Uma consumidora que teve o nome negativado após a falta de pagamento da conta de energia vai receber uma indenização de R$ 10 mil mais correção monetária e juros da concessionária Energisa, que presta o serviço de fornecimento de elétrica no Estado. A decisão é do juiz da 7ª Vara Cível de Cuiabá, Yale Sabo Mendes, e ainda cabe recurso.

Os R$ 10 mil ainda serão acrescidos de juros de 1% ao mês a partir da citação no processo, além de correção monetária pelo Índice Nacional de Preços ao Consumidor (INPC), contados da data da decisão. De acordo com informações do processo, a consumidora identificada como J.D.M.Steve débitos cobrados pela Energisa a título de “recuperação de consumo” no valor de R$ 560,14, além de outras faturas de R$ 510,37, o parcelamento de um débito de R$ 1.231,93 mil sem o seu consentimento e também outra fatura de R$ 524,63.

Segundo os autos, a Energisa alegou adulteração no medidor de energia para realizar a cobrança. J.D.M.S. defende-se explicando que não tinha conhecimento da adulteração no medidor de energia. “Alega não ter sido responsável pela infração constatada no medidor de energia elétrica, requerendo ao final a condenação da parte requerida ao pagamento de indenização pela negativação indevida de seus dados nos anais de proteção ao crédito e pelos danos morais que alega ter experimentado de forma injusta ante a ameaça de suspensão dos serviços de energia elétrica por conta do débito impugnado”, disse a consumidora no processo.

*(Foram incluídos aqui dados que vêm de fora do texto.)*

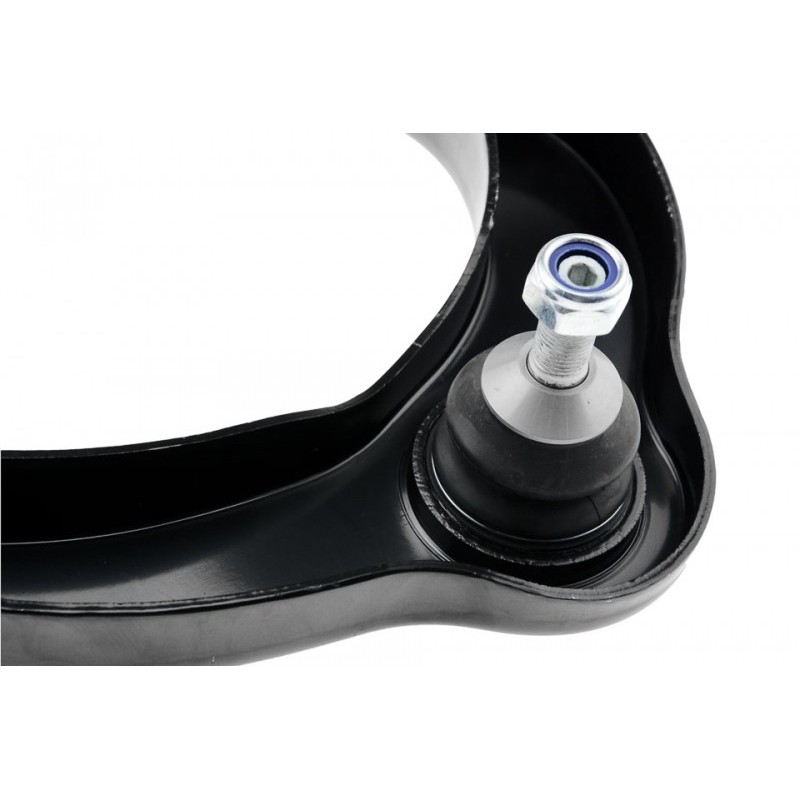 Brat suspensie fata, bascula Jeep Grand Cherokee 2016-, Dodge Durango 2016-, Superior, Stanga, 68282329AA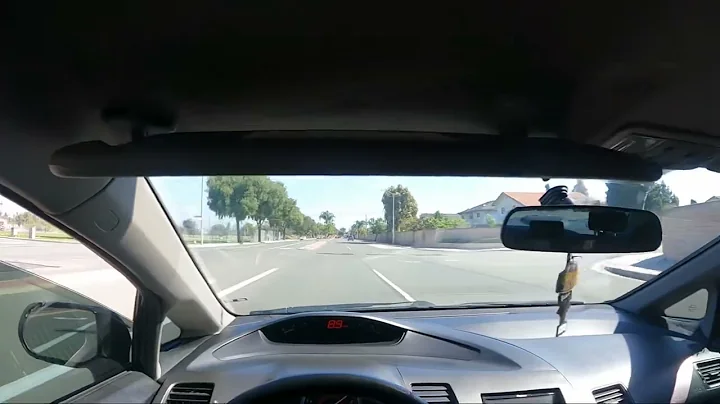 K20 Fa5 Skunk 2 Exhaust & PLM Header pull!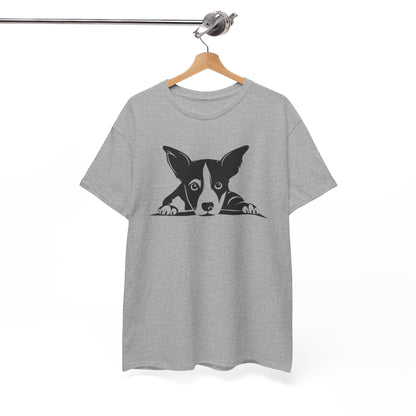 T-Shirt Unisex - Basenji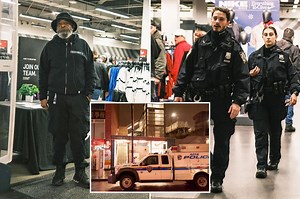 Queens neighborhood on edge amid drastic rise in robberies: ‘Never felt so unsafe’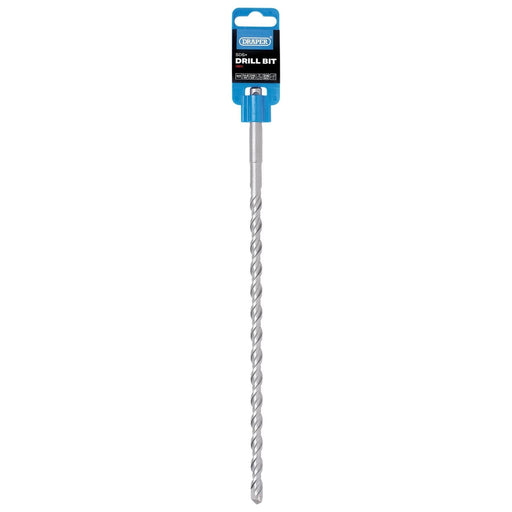 Draper SDS Plus Drill Bit, 10.0 x 310mm Draper - Town Tools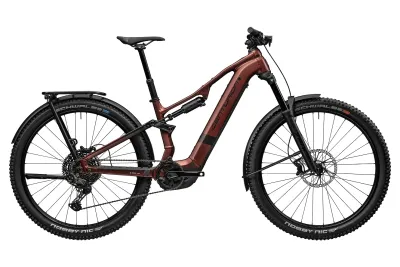 Centurion E-Cross Country Bike Centurion Numinis R1000 EQ 2026 | 800 Wh | 29 Zoll | Diamant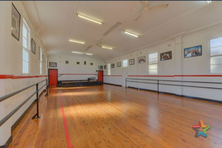 The Salvation Army - Tamworth - Former 31-05-2019 - Professionals Tamworth - commercialrealestate.com.au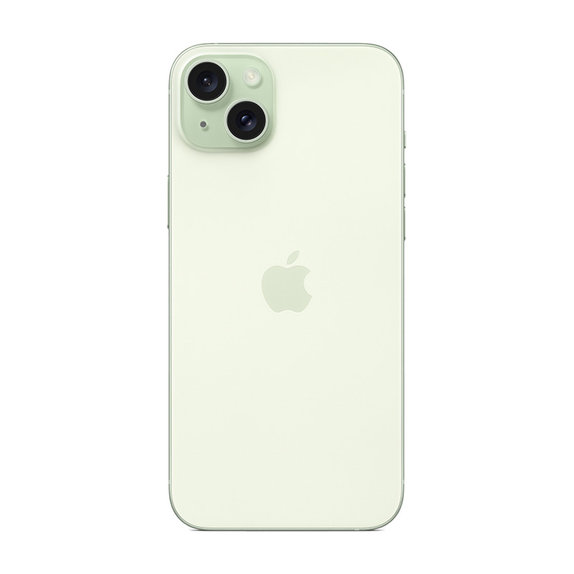 Apple iPhone 15 Plus Green 256GB A Prenovljen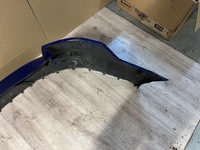 фото thumb №11, Vw arteon 3g8 бампер зад задній 3g8807421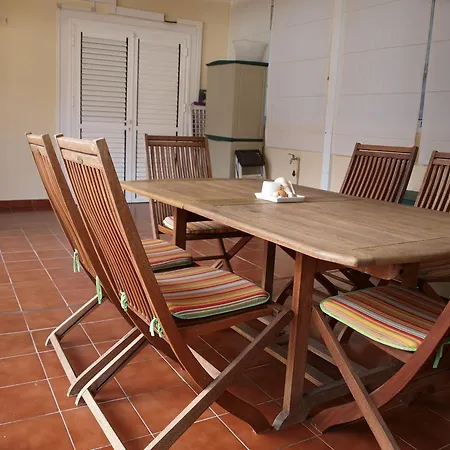 Apartamento Bernardo * Icod De Los Vinos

O juiz da 7ª Vara Cível de Cuiabá concordou com os argumentos da consumidora. Ele explicou que a concessionária de energia agiu de forma abusiva ao não conceder a J.D.M.S. a possibilidade de defesa nos processos administrativos que resultaram na inscrição de seu nome em órgãos de proteção de crédito. “Por mais que existam regulamentos possibilitando-a o exercício de autotutela, não há como coadunarmos a descarada violação às garantias Constitucionais, em especial o direito de ampla defesa e da presunção de inocência. Daí, se a própria concessionária não os cumpre, como há de imputar ao consumidor o ônus de eventual irregularidade no medidor? Não é razoável que permaneça comodamente por meses e até mesmo anos a fio sem verificar os medidores, e depois venha por todo esse tempo proceder revisão do faturamento que alcança valores significativos, quando não estratosféricos”, finaliza o magistrado.



Segundo informações da Agência Nacional de Energia Elétrica (ANEEL), a Energisa em Mato Grosso (EMT) possui a tarifa convencional mais cara da região Centro-Oeste. Está entre as 11 concessionárias que atuam no Brasil que cobram os maiores valores dos consumidores nessa categoria de fornecimento de energia elétrica.